Ed infatti che cosa possediamo noi? Nulla! Tutto da Lui, Padre, a noi giunge sia in termini umani che sovraumani, sia da incarnati che da disincarnati. È pertanto importante prender coscienza di ciò, avere consapevolezza che vita, coscienza, forza, tutto ci giunge dall’Alto, ed è per tale ragione che l’energia d’amore che ci perviene deve fluire e non arrestarsi; dunque, noi dobbiamo farci mediatori dell’amore di Dio. Rammentiamo sempre: “poco merito nell’amore, poca colpa nell’errore”.
Chi si abbassa sarà innalzato!
Perché Quando Sono Debole Allora Sono Forte.
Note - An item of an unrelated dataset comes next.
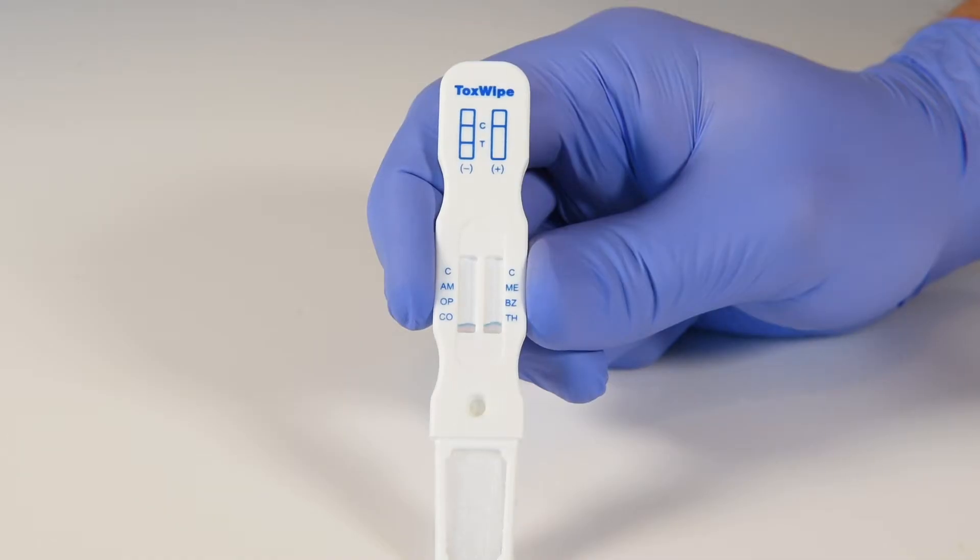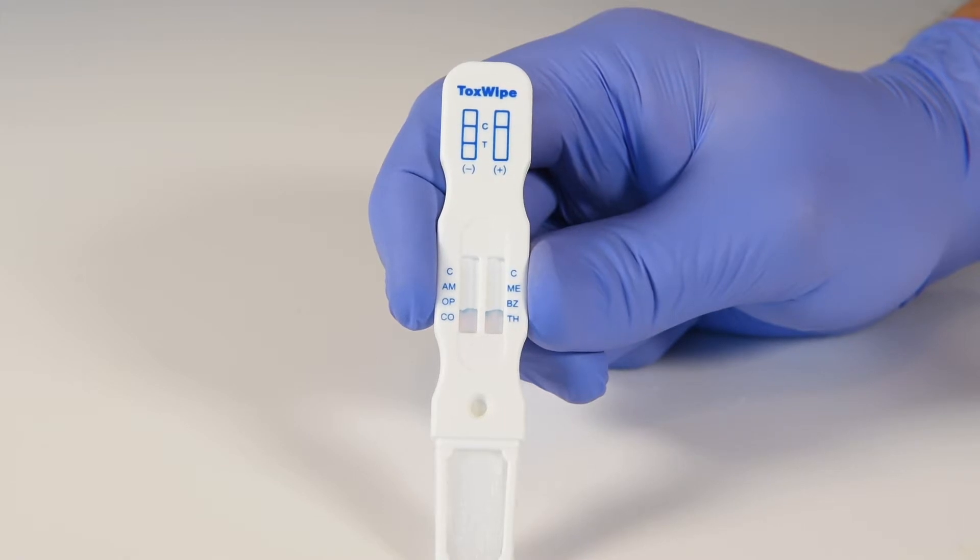Check the saliva sufficiency indicators as you collect saliva. Once they start wicking, you may insert the toxwipe into the buffer cavity.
Accettare l’altro, il fratello, è accettarne i limiti, è accettare tutto quanto fa da corollario al suo momento evolutivo. Così colui che è più evoluto deve avere la forza di sopportare i limiti altrui, anche quando ciò implica il subire le sue prevaricazioni, il subire la sua maggiore forza, umana forza, che lo schiaccia, fa a lui credere di avere un potere maggiore e quindi di essere superiore. Direi che solo chi è più forte può sopportare, accettare senza moto di ribellione l’angheria altrui. Anzi il forte, colui cioè che è più avanti evolutivamente parlando, dovrebbe addirittura giustificarlo, o trovare nel comportamento offensivo i motivi di tale agire. Il piccolo, che all’occhio umano può apparire debole poiché soccombente nello scontro, sul piano sottile è di certo il più forte; egli, infatti, accetta l’altro come fratello anche quando questi lo ferisce.
Del resto, come potrei ricongiungermi all’Uno se non accetto il fratello che è proprio parte di quell’Uno? I fratelli sono porzioni di quel Me Stesso a cui tendo, non accettandoli non potrei ricongiungermi ad essi, ma se non mi ricongiungo non procedo verso l’Uno.
Vediamo allora le ultime due frasi senza separarle, ma cerchiamo di interpretarle in un unico senso:
Ut ad Unum perveniam nihil esse volere debeo; quia quam debilis sum tum fortis sum.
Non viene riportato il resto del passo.